Premature thelarche is characterized by the nonprogressive nature and absence of other secondary sexual characteristics. Confirmation is obtained by a normal FSH, LH, prepubertal estrogen concentration, immature vaginal maturation index, and a negative ultrasound exam to rule out ovarian pathology. If other secondary sexual characteristics are noted, a hand film for bone age and a GnRH stimulation test are performed to document precocious puberty.
Cyclic changes in estrogen/progesterone during the normal menstrual cycle result in continued development of breast structures. As estrogen and progesterone levels fall near the end of the cycle, prolactin-induced secretory changes become evident in the alveolar lumen during the first few days of the menses. The breasts are largest in this phase and are smallest on days 4to 7 of the cycle, which is the ideal time for breast self-exam.
Pregnancy
Differentiation of the breast to its mature functional status occurs by the third month of pregnancy. The true glandular acini (true alveoli) develop under the influence of prolactin,human placental lactogen, estradiol, progesterone, insulin, cortisol, growth hormone, IGF-1,and EGF. Thyroid hormones also promote alveolar growth of the glands.
Pregnancy provides a unique opportunity to evaluate the facilitator and inhibitory actions of various hormones; specifically, the interactions of prolactin, estradiol, and progesterone on the development of the lactating breast.
In humans, prolactin acts to (1) increase arginase activity, (2) stimulate ornithine decarboxylase activity, and (3) enhance the rate of transport of polyamines into the mammary gland. All result in increased spermine and spermidine synthesis (polyamines) which are required for milk production.

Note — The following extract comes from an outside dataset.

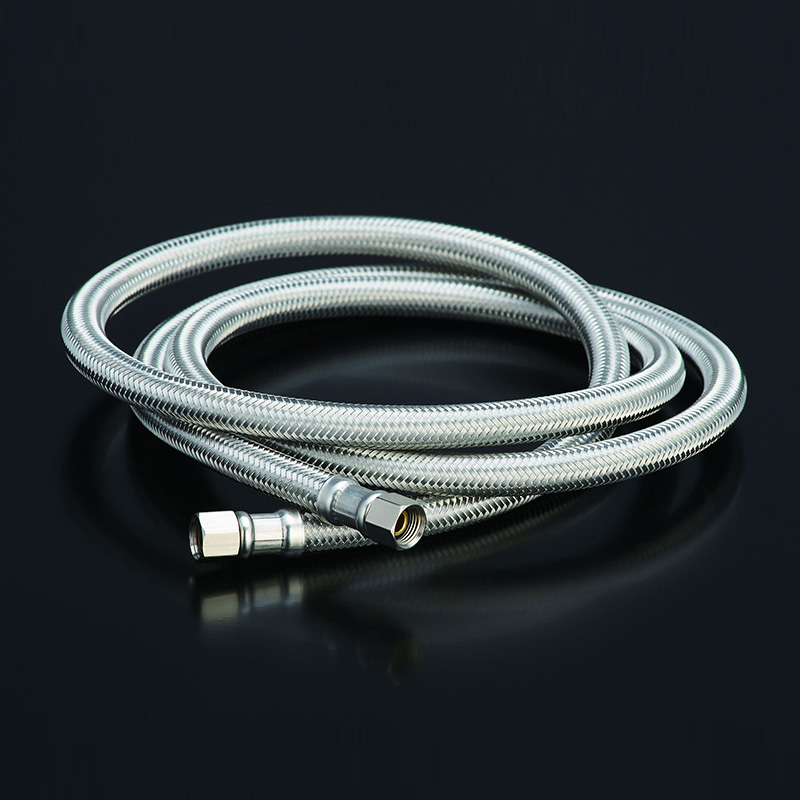 S-IMH001.jpg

The polyamines stabilize membrane structures, increase transcriptional and translational activities, and regulate enzymes. Prolactin in cultured mammary gland explants also elicits increased messages and synthesis of casein, spermidine,lactose, and phospholipids which are all required for lactation. Estradiol levels, rising throughout pregnancy, act at the hypothalamic level to increase prolactin secretion.

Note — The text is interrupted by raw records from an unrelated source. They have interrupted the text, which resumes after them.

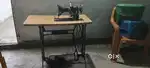 Piko ki machine
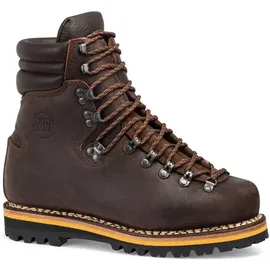Hanwag Sepp 100 Herren Natur 43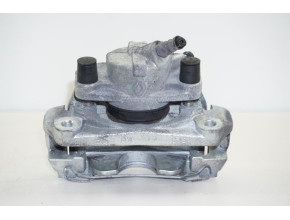 Etrier avant droit (freinage) pour RENAULT CLIO 5 PHASE 1 Etrier avant droit (freinage) pour RENAULT CLIO 5 PHASE 1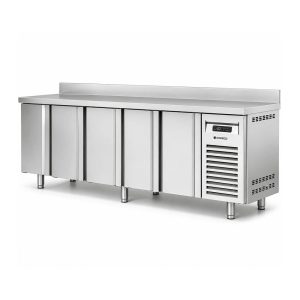 mesa-refrigerada-industrial-mrs-300-coreco-frio-alhambra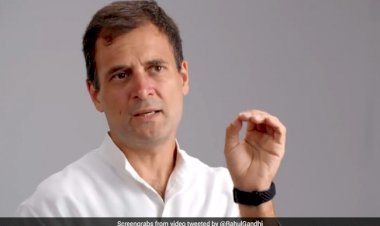 Photo Courtsey : The Financial Express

Progesterone interferes with prolactin action at the alveolar cell's prolactin receptor level. While estrogen and progesterone are required to get full activity of the prolactin receptor,progesterone antagonizes the positive action of prolactin on its receptor by (1) inhibiting up regulation of the prolactin receptor, (2) reducing estrogen binding (lactogenic activity), and (3)competing for binding at the glucocorticoid receptor.
Actual lactation occurs after birth by allowing prolonged prolactin elevation without progesterone inhibition because of the more rapid clearance of progesterone in contrast to prolactin. It takes approximately seven days for prolactin to reach non-pregnant levels, while estrogen and progesterone elevations are cleared in three to four days postpartum.

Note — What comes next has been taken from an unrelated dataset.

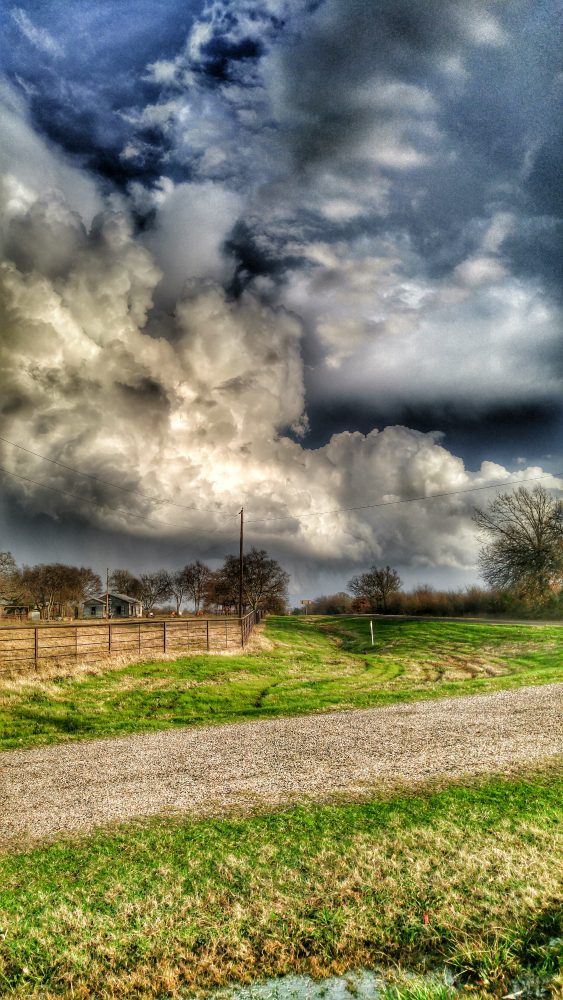 20151226_162414_HDR-3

In the first week postpartum, prolactin levels decline 50% (to about 100 ng/ml). Suckling results in increased prolactin, which is important in the initiation of lactation. Until approximately two to three months postpartum, basal levels are 40 to 50 ng/ml in the lactating female, and there are large (10 to 20-fold) increases with suckling. Basal prolactin levels remain normal or slightly elevated with a twofold increase with suckling in the third to sixth months postpartum. Increased prolactin levels are required for lactogenesis; however,nonpregnant levels are adequate to maintain lactation.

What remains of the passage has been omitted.